Re: [HACKERS] [GENERAL] Shutting down a warm standby database in 8.2beta3

2006-11-18 Thread Stephen Harris
On Fri, Nov 17, 2006 at 11:40:36PM -0500, Tom Lane wrote:
 Stephen Harris [EMAIL PROTECTED] writes:
  Why not, after calling fork() create a new process group with setsid() and
  then instead of killing the recovery thread, kill the whole process group
  (-PID rather than PID)?  Then every process (the recovery thread, the
  system, the script, any child of the script) will all receive the signal.
 
 This seems like a good answer if setsid and/or setpgrp are universally
 available.  I fear it won't work on Windows though :-(.  Also, each

It's POSIX, so I would suppose it's standard on most modern *nix
platforms.  Windows... bluh.  I wonder how perl handles POSIX::setsid()
on Windows!

 backend would become its own process group leader --- does anyone know
 if adding hundreds of process groups would slow down any popular
 kernels?

Shouldn't hurt.  This is, after all, what using  in a command line
shell with job control (csh, ksh, tcsh, bash, zsh) does.  Because you only
run one archive or recovery thread at a time (which is very good and very
clever) you won't have too many process groups at any instance in time.
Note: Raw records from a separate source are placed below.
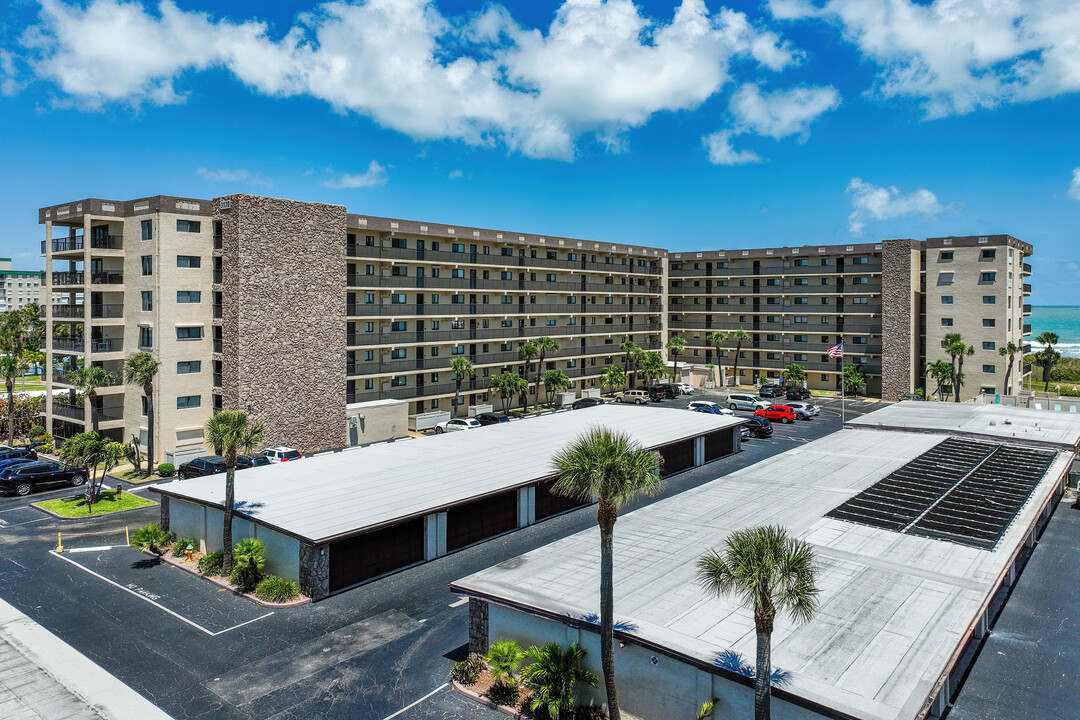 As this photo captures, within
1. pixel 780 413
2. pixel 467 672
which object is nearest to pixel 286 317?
pixel 467 672

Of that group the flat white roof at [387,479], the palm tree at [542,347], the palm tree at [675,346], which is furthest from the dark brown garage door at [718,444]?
the palm tree at [675,346]

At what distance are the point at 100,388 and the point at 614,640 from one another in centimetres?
4502

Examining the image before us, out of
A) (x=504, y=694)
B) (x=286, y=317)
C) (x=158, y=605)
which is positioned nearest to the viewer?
(x=504, y=694)

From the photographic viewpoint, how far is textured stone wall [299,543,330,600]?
24.5 metres

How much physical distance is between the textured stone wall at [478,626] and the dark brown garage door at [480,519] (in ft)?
28.3

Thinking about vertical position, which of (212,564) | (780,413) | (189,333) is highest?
(189,333)

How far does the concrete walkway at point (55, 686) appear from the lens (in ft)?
57.7

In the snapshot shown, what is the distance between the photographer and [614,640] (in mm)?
A: 17078

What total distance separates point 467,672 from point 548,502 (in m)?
14.8

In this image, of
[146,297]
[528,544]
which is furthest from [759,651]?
[146,297]

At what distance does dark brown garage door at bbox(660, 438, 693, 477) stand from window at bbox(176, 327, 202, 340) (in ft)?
109

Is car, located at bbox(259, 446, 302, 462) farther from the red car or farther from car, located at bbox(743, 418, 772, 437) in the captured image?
the red car

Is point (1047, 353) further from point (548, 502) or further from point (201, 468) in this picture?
point (201, 468)

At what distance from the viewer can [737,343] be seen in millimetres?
86375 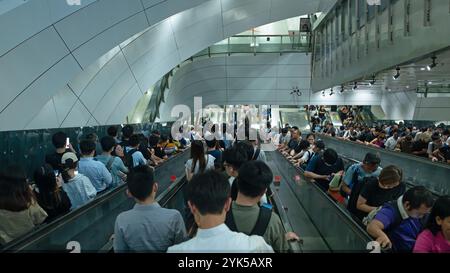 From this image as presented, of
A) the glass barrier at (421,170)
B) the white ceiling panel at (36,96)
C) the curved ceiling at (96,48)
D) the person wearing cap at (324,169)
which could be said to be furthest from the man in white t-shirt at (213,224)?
the glass barrier at (421,170)

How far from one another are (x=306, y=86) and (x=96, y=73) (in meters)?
21.3

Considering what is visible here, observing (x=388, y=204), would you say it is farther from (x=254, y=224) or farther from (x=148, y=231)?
(x=148, y=231)

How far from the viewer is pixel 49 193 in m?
4.71

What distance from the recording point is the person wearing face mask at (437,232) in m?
2.94

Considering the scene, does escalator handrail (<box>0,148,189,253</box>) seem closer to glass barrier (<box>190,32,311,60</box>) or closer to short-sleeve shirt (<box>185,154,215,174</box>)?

 [ thinks for a bit... ]  Another issue is that there'd be a race
 condition during backend start: if the postmaster tries to kill -PID
 before the backend has managed to execute setsid, it wouldn't work.

*ponder*  Bugger.  Standard solutions (eg try three times with a second
pause) would mitigate this, but  Hmm.

Another idea is to make the shutdown be more co-operative under control
of the script; eg an exit code of 0 means xlog is now available, code
if 1 means the log is non-existent (so recovery is complete) and an
exit code of 255 means failure to recover; perform database shutdown.
In this way a solution similar to the existing trigger files (recovery
complete) could be used.  It's a little messy in that pg_ctl wouldn't
be used to shutdown the database; the script would essentially tell
the recovery thread to abort, which would tell the main postmaster to
shutdown.  We'd have no clients connected, no child process running,
so a smart shutdown would work.

-- 

rgds
Stephen

---(end of broadcast)---
TIP 3: Have you checked our extensive FAQ?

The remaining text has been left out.